While the legal battle for the CAIR program continues, some members of Congress are calling for legislation to save the program. On September 11, 2008, Senators Tom Carper (D-DE) and Lamar Alexander (R-TN) hosted a roundtable to discuss legislative methods to mitigate the harmful effects of air pollution. This discussion was in response to the D.C. Circuit's rejection of the CAIR program, as well as other court decisions that affected the EPA's regulations of mercury and carbon dioxide. The senators touted the projected health benefits of the CAIR program, citing EPA estimates that by 2015, it would save $85 to $100 billion in avoided health care costs, and prevent 17,000 premature deaths. Senator Carper also had been in communication with Congressman Dingell (D-MI) regarding potential legislation authorizing the first four years of the CAIR program and leaving the later stages to future congressional action. Last week, Congressman Dingell suspended the effort after it became clear that Congressman Barton (R-TX), the ranking Republican on the House Energy and Commerce Committee, would not support expedited consideration of the bill.

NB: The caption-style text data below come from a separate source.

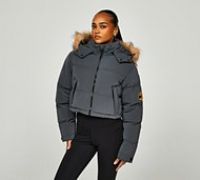 Zavetti Canada Womens Bellucci 2.0 Crop Jacket - Grey - Size XS
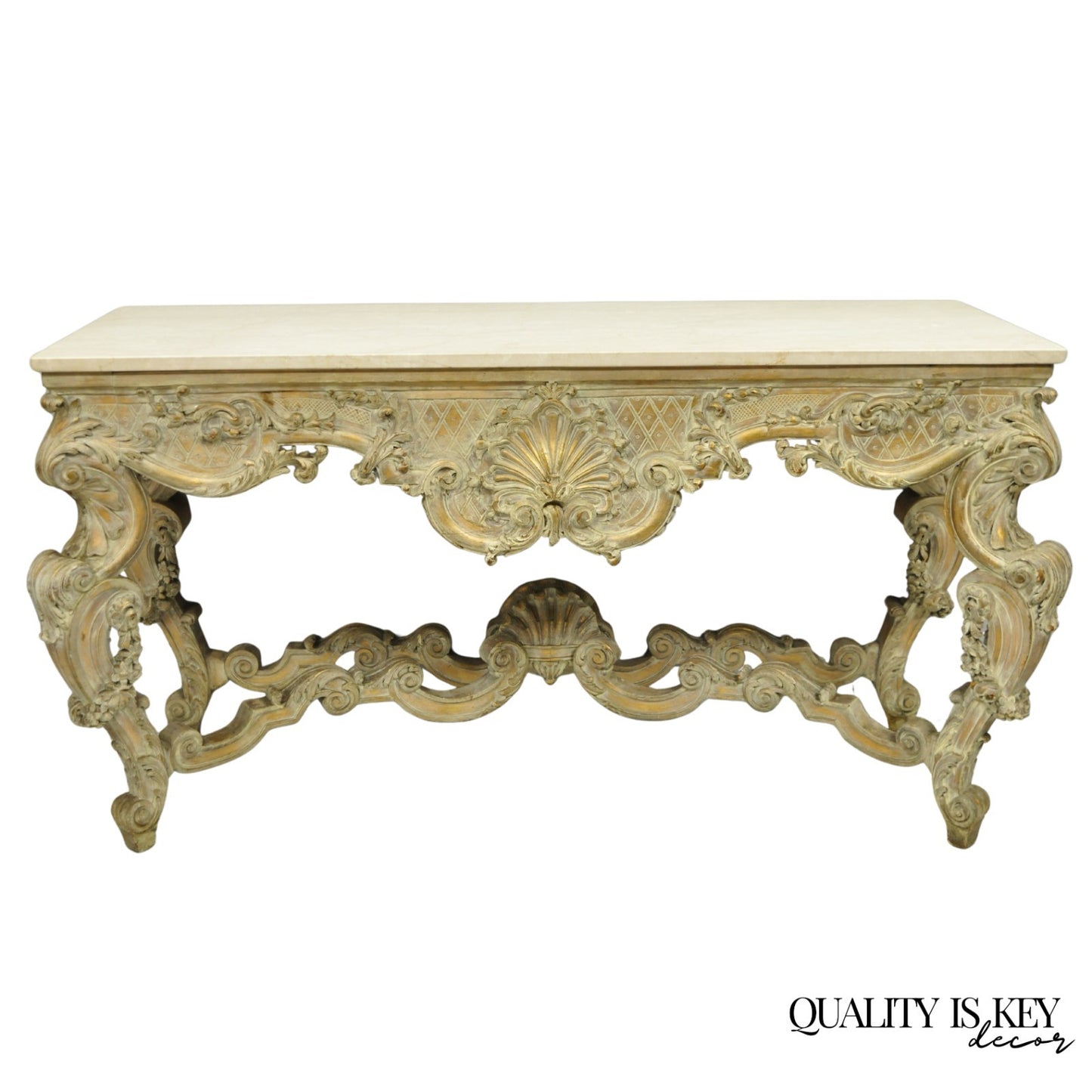 Antique French Louis XV Rococo Style Shell Carved 68" Marble Top Console Table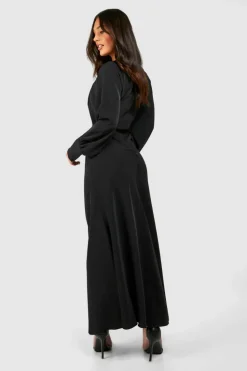 Maxi Dresses|Long Sleeve Dresses*boohoo Petite Satin Batwing Maxi Dress black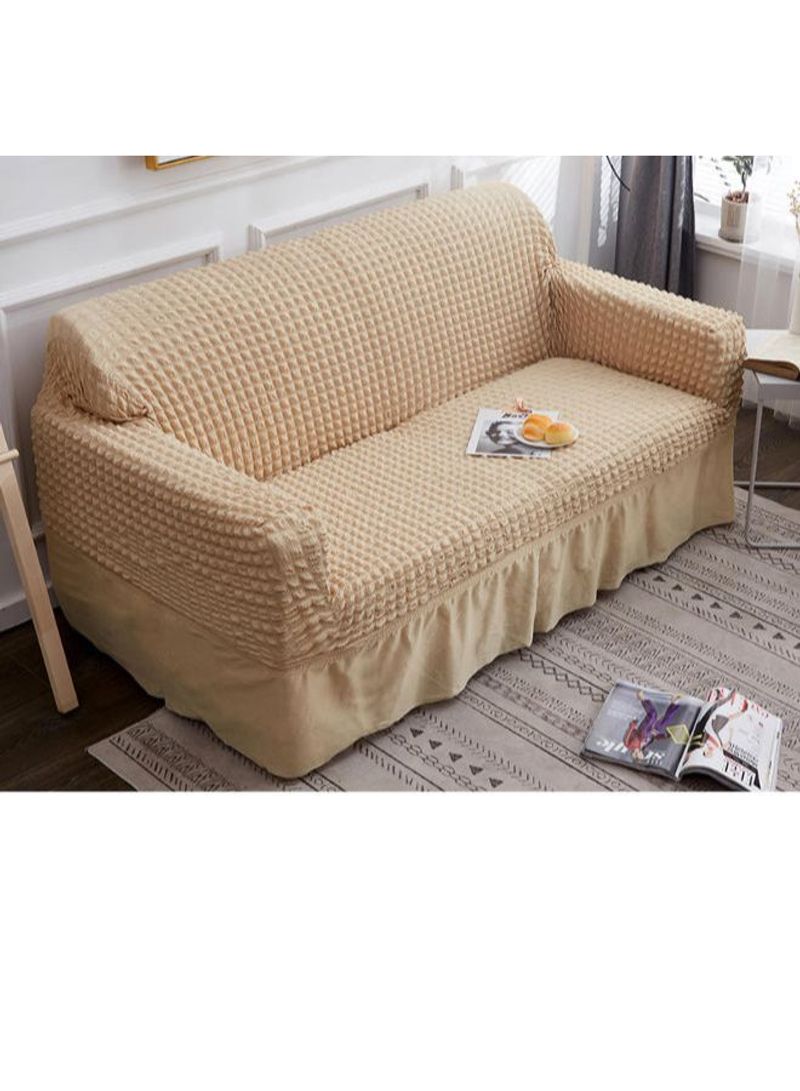 Rustic Pattern Soft Sofa Slipcover Beige 170-230centimeter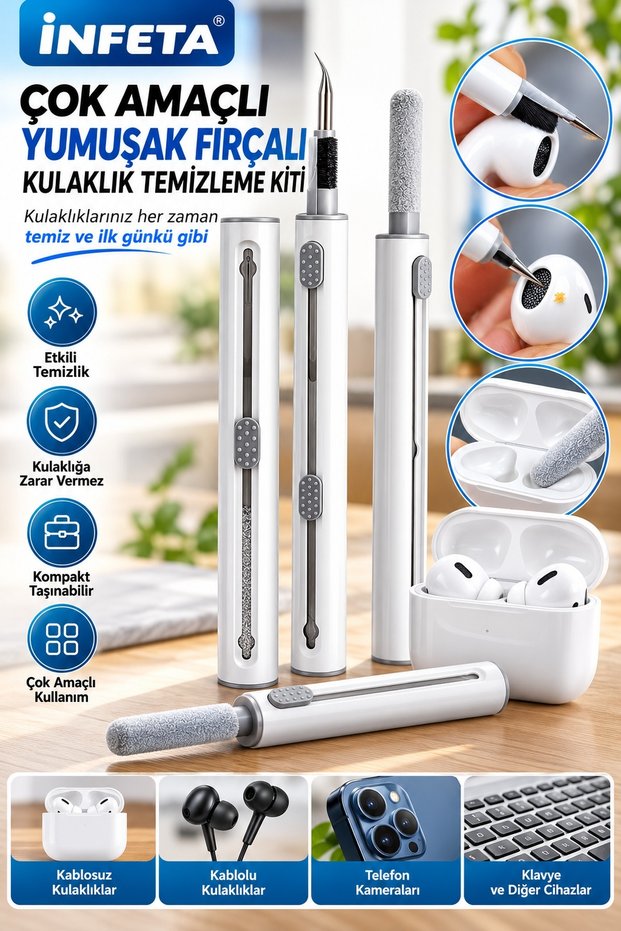 White 3-in-1 Wireless Bluetooth Headphone Cleaning Pen with Brush and Metal Tip Kit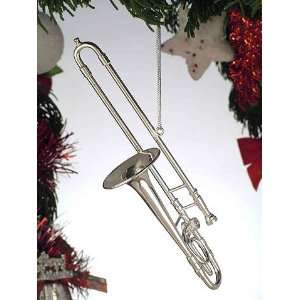  Silver Music Trombone Musical Instrument Ornament NEW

Congressman Barton expressed support for a review of the Clean Air Act more generally next year, after the election.

Also on September 11, 2008, Senator George Voinovich (R-OH) introduced legislation explicitly authorizing the continuation of the CAIR program. This legislation, S. 3469, "CAIR Reinstatement Act of 2008," would authorize the EPA to maintain trading under CAIR as originally promulgated despite the court ruling. Calling CAIR "the most significant action to protect public health and the environment since the passage of the 1990 Clean Air Act Amendments," Senator Voinovich urged the congressional authorization of the rule.

The emissions trading programs for SO2 and NOX still are in effect pending the outcome of the EPA's appeals. The EPA notes on its website that:

Until any judicial appeals of the court decision are exhausted, EPA will continue to record transfers that are submitted for NOX annual and ozone season allowances. The court decision did not affect continuation of the Acid Rain Program, and the EPA will continue recording transfers of SO2 allowances.

At the time of publication, at least one lawsuit has been filed that challenges the enforceability of contracts to buy and sell emissions allowances given the D.C. Circuit's ruling. Market participants expect further turmoil in the emissions trading markets while the EPA and certain senators fight to maintain the CAIR program.